One of the many things I enjoy about French New Wave movies is seeing people look directly at the camera. I’m not talking about the final shots of The 400 Blows and Breathless; I mean ordinary people who are walking down the street, going about their daily lives, and suddenly notice that someone is shooting a film. Street scenes were a vital part of the nouvelle vague style. Jean Douchet devotes an entire chapter of his book French New Wave to them, in which he explains that they were both a means of saving money and an act of rebellion against the studio system.

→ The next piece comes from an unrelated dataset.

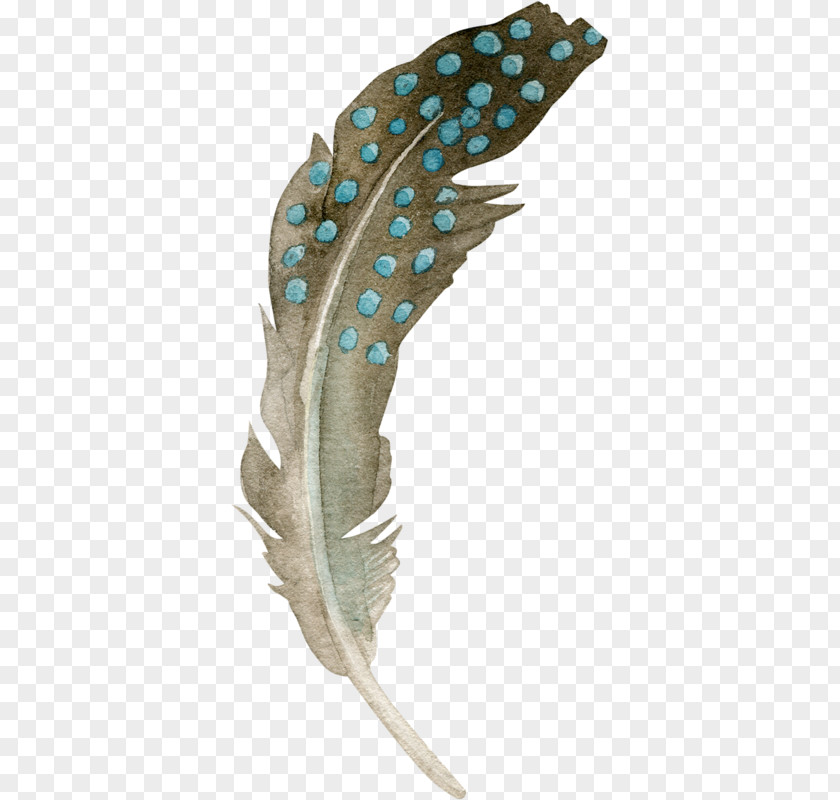 Feather Material Bird Clip Art PNG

He then talks about the effect on extras:

Extras dominated film sets throughout the world. As a trade union they took advantage of the corporatism of the other film unions to obtain jobs. Extras were everywhere and no one was spared their presence. What was most typical of the extras of the time (they could still be seen in films by Mizoguchi and even in Bresson’s Pickpocket of 1959), was their total and well-known lack of naturalness. Motionless, they posed, ‘expressed’ themselves, and had no other ambition than to be seen. They got in the way of the modern filmmaker and interfered with the audience’s involvement in the film. By shooting on location, which overturned the rules of the studio, they were thrust outside the camera’s field of view. And as in the films of Lumière and Griffith, the great silent films or the first talkies (1930-1933), Renoir (Boudu or La Chienne), Vigo, Barnet, the impression of life once again swept across the screen. When people were needed for a scene (a café, newsstand, bus stop), friends were used, or friends of friends, or even passersby who were willing to give an hour or two of their time. It not only lent an air of truth to the film, it was fun as well.